While the world still reels from the tragic death of Robin Williams, some remember him for his philanthropy as well as for his comedy. Williams had a heart as big as his talent and made a huge difference in the lives of those who were helped by his generosity.
Back in 1986, Williams — along with pals Billy Crystal and Whoopi Goldberg — were the original hosts of Comic Relief. The show appeared on HBO, ensuring that the 47 comedians who participated would not be censored. All of the proceeds from the show, which aired yearly for 12 years, went to create programs for the homeless and those in need. More than $50 million was raised over those years, creating a movement and becoming the “honorary charity of the comedy community.”
Robin’s caring for the homeless spilled over into his “other job” of movies, TV and appearances. A little-known detail which appeared in his rider made sure of that.
For those who don’t know, a rider is a part of a performer’s contract, detailing requirements and personal needs. You may remember the story about Van Halen requiring a bowl of M & Ms in their dressing room, with all of the brown ones removed. This wasn’t because they were really that picky, but to ensure that the rider had actually been read by the promoter. The logic being that if a detail like that were correct, they could be sure that the important things would be taken care of.

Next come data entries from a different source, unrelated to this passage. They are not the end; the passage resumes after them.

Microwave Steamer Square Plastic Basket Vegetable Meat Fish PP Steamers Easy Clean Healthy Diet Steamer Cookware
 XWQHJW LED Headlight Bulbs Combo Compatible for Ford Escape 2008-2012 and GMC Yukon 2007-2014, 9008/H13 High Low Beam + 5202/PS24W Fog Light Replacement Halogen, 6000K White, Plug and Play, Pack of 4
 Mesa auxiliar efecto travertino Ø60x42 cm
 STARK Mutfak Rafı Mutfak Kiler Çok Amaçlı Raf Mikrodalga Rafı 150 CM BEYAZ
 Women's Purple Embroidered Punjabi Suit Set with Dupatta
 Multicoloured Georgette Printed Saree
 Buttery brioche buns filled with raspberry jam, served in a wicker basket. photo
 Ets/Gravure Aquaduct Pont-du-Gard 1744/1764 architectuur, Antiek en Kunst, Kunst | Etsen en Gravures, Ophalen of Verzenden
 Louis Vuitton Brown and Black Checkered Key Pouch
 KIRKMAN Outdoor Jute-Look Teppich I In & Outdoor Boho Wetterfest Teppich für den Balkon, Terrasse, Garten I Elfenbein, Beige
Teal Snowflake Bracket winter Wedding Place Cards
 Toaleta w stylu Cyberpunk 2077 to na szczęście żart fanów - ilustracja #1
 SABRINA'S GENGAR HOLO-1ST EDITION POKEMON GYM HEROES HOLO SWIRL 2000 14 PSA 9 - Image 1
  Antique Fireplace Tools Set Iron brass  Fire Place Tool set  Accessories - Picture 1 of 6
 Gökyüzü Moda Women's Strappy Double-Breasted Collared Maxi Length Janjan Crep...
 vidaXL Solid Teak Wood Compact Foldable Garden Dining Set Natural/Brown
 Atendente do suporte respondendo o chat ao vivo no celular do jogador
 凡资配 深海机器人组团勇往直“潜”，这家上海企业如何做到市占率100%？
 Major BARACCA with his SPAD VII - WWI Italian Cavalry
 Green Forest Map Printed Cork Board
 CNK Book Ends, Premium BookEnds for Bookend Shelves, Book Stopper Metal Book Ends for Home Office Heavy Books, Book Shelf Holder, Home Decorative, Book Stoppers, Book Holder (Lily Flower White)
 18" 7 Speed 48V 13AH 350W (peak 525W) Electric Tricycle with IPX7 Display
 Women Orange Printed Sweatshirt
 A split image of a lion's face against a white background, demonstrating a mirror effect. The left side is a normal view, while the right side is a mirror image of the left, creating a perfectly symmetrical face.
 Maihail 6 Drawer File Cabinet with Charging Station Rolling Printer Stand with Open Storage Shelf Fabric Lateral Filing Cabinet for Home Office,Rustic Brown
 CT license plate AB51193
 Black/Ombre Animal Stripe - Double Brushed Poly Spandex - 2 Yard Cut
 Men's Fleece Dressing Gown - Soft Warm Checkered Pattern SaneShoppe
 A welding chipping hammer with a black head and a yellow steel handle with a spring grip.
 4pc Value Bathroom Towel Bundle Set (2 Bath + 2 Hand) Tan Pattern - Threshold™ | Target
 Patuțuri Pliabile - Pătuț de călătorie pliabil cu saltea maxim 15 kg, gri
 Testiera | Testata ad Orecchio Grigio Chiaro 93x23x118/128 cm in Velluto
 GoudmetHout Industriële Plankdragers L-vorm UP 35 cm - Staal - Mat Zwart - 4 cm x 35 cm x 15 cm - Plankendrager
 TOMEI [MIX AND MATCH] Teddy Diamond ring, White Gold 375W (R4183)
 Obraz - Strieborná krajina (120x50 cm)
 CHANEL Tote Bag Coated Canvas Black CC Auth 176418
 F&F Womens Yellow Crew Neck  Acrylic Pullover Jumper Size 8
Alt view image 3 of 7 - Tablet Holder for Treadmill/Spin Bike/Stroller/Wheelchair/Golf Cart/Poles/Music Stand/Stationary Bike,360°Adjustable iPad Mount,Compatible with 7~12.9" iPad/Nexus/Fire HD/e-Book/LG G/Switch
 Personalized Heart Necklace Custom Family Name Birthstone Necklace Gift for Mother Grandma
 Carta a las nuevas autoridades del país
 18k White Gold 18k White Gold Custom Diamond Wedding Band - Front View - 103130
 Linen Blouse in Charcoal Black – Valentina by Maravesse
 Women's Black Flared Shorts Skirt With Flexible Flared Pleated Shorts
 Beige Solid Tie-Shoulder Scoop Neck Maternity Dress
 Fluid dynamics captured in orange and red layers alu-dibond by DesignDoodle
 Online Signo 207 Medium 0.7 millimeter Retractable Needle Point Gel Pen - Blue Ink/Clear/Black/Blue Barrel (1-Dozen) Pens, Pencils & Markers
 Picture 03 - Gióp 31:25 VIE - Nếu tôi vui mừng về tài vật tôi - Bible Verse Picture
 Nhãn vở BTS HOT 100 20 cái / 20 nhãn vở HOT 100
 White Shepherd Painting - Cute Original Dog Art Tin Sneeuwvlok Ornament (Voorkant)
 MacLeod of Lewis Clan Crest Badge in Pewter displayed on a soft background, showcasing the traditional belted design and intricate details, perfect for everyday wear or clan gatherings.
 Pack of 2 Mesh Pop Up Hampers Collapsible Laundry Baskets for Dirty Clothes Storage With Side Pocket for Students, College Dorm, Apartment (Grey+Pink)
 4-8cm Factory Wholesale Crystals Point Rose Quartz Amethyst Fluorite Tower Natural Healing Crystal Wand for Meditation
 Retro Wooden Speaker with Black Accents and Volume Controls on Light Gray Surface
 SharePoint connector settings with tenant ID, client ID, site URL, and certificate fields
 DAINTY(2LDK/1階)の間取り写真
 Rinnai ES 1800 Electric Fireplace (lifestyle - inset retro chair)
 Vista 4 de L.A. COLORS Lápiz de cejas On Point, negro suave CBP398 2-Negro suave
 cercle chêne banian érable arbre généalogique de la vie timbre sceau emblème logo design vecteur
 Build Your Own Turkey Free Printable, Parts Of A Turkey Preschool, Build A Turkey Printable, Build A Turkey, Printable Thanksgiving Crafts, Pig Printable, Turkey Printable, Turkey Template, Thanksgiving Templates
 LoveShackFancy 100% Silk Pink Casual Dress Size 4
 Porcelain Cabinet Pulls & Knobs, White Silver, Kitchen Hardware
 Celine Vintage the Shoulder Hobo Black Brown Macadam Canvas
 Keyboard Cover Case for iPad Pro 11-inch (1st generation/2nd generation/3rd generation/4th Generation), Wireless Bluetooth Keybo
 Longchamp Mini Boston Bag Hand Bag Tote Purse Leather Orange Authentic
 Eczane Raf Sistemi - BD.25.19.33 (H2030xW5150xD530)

Robin Williams had a rider, too. And, according to blogger Brian Lord, one section of it was beautifully altruistic. Lord writes:
“When I got Robin Williams’ rider, I was very surprised by what I found. He actually had a requirement that for every single event or film he did, the company hiring him also had to hire a certain number of homeless people and put them to work. I never watched a Robin Williams movie the same way after that.”
Lord goes on to express the hope that the practice was being continued by production companies and event planners. Because it’s not just about giving some homeless people a temporary job, it’s about empowering them. To give them pride in themselves again by earning their own income.
So, not only did Robin Williams help those in need with his own money and time, but he used his power to make sure that the companies for which he worked would see how important it was to give the homeless an opportunity and some self-respect. Thanks, Robin.